Einen Skandal nennt Dietmar Hocke (Fraktion Ländlicher Raum, Umwelt und Landwirtschaft) das Verhalten des Landkreises Nordwestmecklenburg im Hinblick auf die juristischen Auseinandersetzungen mit einem privaten Busbetrieb (die OZ berichtete). Ein Grundsatz unter ehrbaren Kaufleuten laute – wer bestellt, der zahlt, schrieb Hocke in einer Pressemitteilung.
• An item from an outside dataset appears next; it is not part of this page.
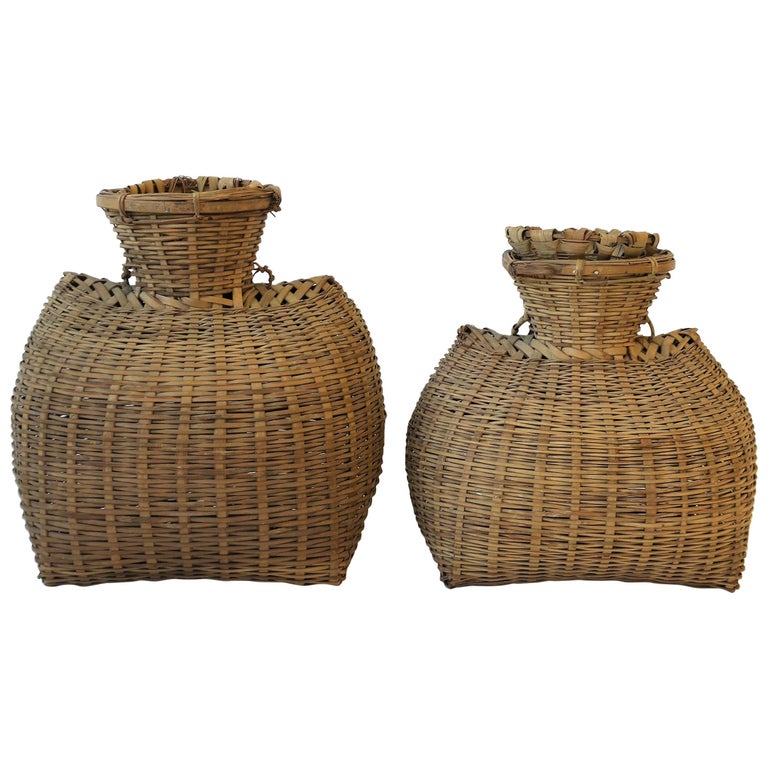 Set of Vintage Wicker Baskets at 1stDibs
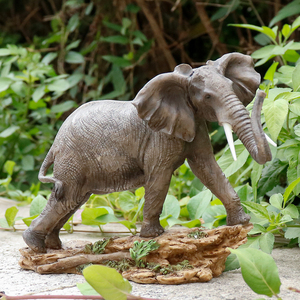 Scultura di <span class=keywords><strong>Elefante</strong></span> in Resina Dipinta a Mano con Base Naturalistica, Statuetta Animale da Scrivania per Arredamento Casa e Ufficio - Product Image 2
Hintergrund ist die Entscheidung des Verwaltungsgerichts Schwerin, die Klage der Busbetriebe Wismar Regio/Stadt gegen den Landkreis Nordwestmecklenburg abzuweisen. Demnach müssen die Busbetriebe nun 1,2 Millionen Euro an den Landkreis zurückzahlen. Die hatte Nordwestmecklenburg für gefahrene Kilometer in den Jahren 2009 bis 2011 überwiesen. Weil der Busbetrieb Abrechnungsunterlagen schuldig blieb, aber wieder zurückgefordert. Es scheine so zu sein, als würde die öffentliche Hand private Unternehmen an den Rand der Insolvenz treiben. Hocke verglich den Landkreis mit „sogenannten Heuschrecken“, die sich Stück für Stück Unternehmen einverleibten. Die LUL-Fraktion fordert Landrätin Kerstin Weiss (SPD) nun auf, „diesem Treiben ein Ende zu setzen“. Es dürfe nicht sein, dass der Landkreis sich durch fragwürdige juristische Schachzüge an privaten Unternehmen bereichere. Hocke ging weiter und bezichtigte den Landkreis, sich die Eigenvergabe von Fahrtkilometern beim Land erschlichen zu haben.

Dass der Landkreis private Busunternehmen an den Rand der Insolvenz treibe, könne so nicht stehen bleiben, teilte Kerstin Weiss mit. Alle Bemühungen, im Vorfeld einer gerichtlichen Entscheidung einen Vergleich zu erzielen, seien leider gescheitert, sagte Weiss.

Sie selbst habe zudem als eine ihrer ersten Amtshandlungen im Jahr 2014 Aufgabenträgerschaft und Geschäftsführung des kreiseigenen Busunternehmens wieder voneinander getrennt. Den Vorwurf des Erschleichens weise sie deshalb aufs Entschiedenste zurück.